Above Picture: Mahaprajapati Gotami asks her stepson, Siddhartha Gautama, to allow female ordination
Since its founding by Siddhartha Gautama in sixth century B.C.E., Buddhism has attracted many followers from different cultural and socioeconomic backgrounds. Yet, despite the religion’s global appeal, the role of women in Buddhism has been a subject of public debate. Even though female Buddhists played important duties as nuns and motherly figures, Buddhist teachings have undermined women’s access to religious spaces and roles.
In contrast to their male counterparts, female nuns are subjected to stricter spiritual guidelines, which pose challenges in their monastic life. As shown in Buddhist texts, Siddhartha reluctantly allows women to become ordained after enforcing the Eight Garudhammas, which are additional spiritual guidelines directly imposed on nuns, not monks (Gethin 90). These rules require women to respect monks, undergo additional discipline training, and not worship in a space devoid of their male counterparts (Salgado 81-82). Furthermore, some Buddhist scholars interpreted that it is impossible for a woman to become a Buddha, barring women from reaching the highest spiritual level of their religion (Gethin 91). Some believe that males, given their state of rebirth, could only achieve the highest spiritual enlightenment and therefore become the exemplar of the Buddhist faith (Gethin 91). Consequently, the imposition of additional rules and the impossibility of female Buddhahood have subordinated “the nuns’ order to that of the monks” (Gethin 89). It seems that Buddhist teachings have depicted women as religious interlopers whose place belongs in the fringes of Buddhist worship and leadership among the monastery elite. Thus, Buddhist rules have prevented many women from gaining the privileges that are granted to men.

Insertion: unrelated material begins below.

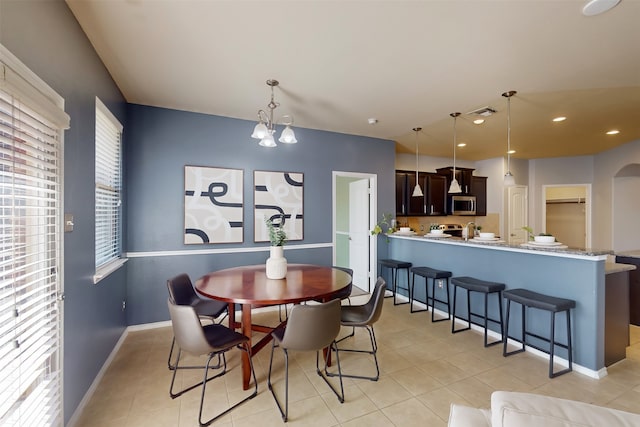 dining area with a notable chandelier and light tile patterned flooring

Moreover, Buddhists’ adherence to social customs has limited the spiritual growth of female followers. Given their physical and spiritual deviance from worldly pleasures, Buddhists rely on their local community to gain food and manage money (Gethin 93). In order for local residents to view Buddhists positively, Vinaya rules instructed the sangha, which is dominated by men, to avoid “behavior that might be misconstrued by the laity” (Gethin 94). Consequently, “talking in private with a woman or spending the night in the same house as woman” has been prohibited, preventing many female adherents in conservative cultures from receiving the same access to the social and spiritual fruits of Buddhism that men have (Gethin 94). It seems that the preservation of the cultural status quo has prevented many Buddhists from seeking female converts. Given Buddhists’ need to please their community for their sustainability, one’s access to religious spaces and resources has been based on the gender norms of his/her contemporary environment, where women rights have been nonexistent or suppressed.
Overall, the lacking female participation and leadership roles in Buddhism have been the byproduct of the religious traditions that favored male adherents. As members of a theoretically egalitarian faith, Buddhist leaders, mostly comprised of men, have yet to solve the limited spiritual engagement and opportunities of female followers ranging from commoners to devout nuns.
Gethin, Rupert. The Foundations of Buddhism. Oxford: Oxford University Press, 1998. Print.
Salgado, Nirmala. Buddhist Nuns and Gendered Practice: In Search of the Female Renunciant. Oxford: Oxford University Press, 2013. Print.